JERUSALEM (Nov. 28)
Shoppers in the downtown Jerusalem department store, Hamashbir, were treated to an unusual spectacle last week, part of a campaign to end violence against women.
In the ground floor section where discounted men’s shirts are usually displayed, a woman with a black eye and her arm in a sling was dressed in full bridal regalia.
The “battered bride” was telling bemused onlookers that despite the “injuries” she had sustained at the hands of her fiance, she loved him and believed marriage would solve everything.
“And love is the most important thing, isn’t it?” she repeatedly cajoled the curious spectators.
They shook their heads, sadly, in disagreement.
The “bride” was an actress from a group called Kafka’s Orphans. She performed the dramatic skit throughout the afternoon Nov. 25, as part of a day marked internationally to protest violence against women.

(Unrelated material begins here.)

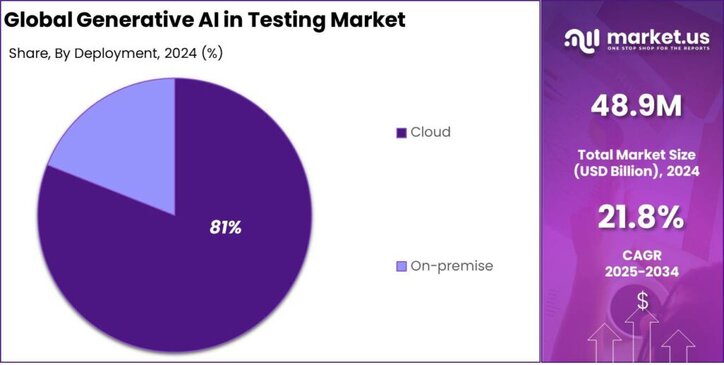 Generative AI in Testing Market share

The scene, sponsored in part by the city’s welfare department, also marked the kickoff of 16 days of activities to highlight the problem of battered women.
The campaign includes a protest to be held this week against what is perceived as lenient treatment meted out by courts to men convicted of violence against women.
According to campaign organizers from the Israel Women’s Network, there are an estimated 200,000 battered women in Israel, and segments of the public are surprisingly tolerant toward this.
A survey by Geocartographia has found that about 14 percent of Israeli men believe there are situations in which it is appropriate for men to beat women.
The survey showed 7 percent of women also believe this.
This could be illustrated by the response of a saleswoman at the department store who was asked how she felt about the battered bride spectacle.
She first replied that although the show disrupted the store’s activities, she felt it was important to bring the problem out into the open.
But she also said it is the responsibility of women to behave in such a way so as not to provoke violence from men.
The Women’s Network sponsors said the drama was held at the department store to illustrate the importance of not “buying into” violence by a boyfriend and the promise of marriage.
The show was also meant to dramatize the importance of dispelling the myth that rape is the fault of women and not buying into offensive advertising, they said.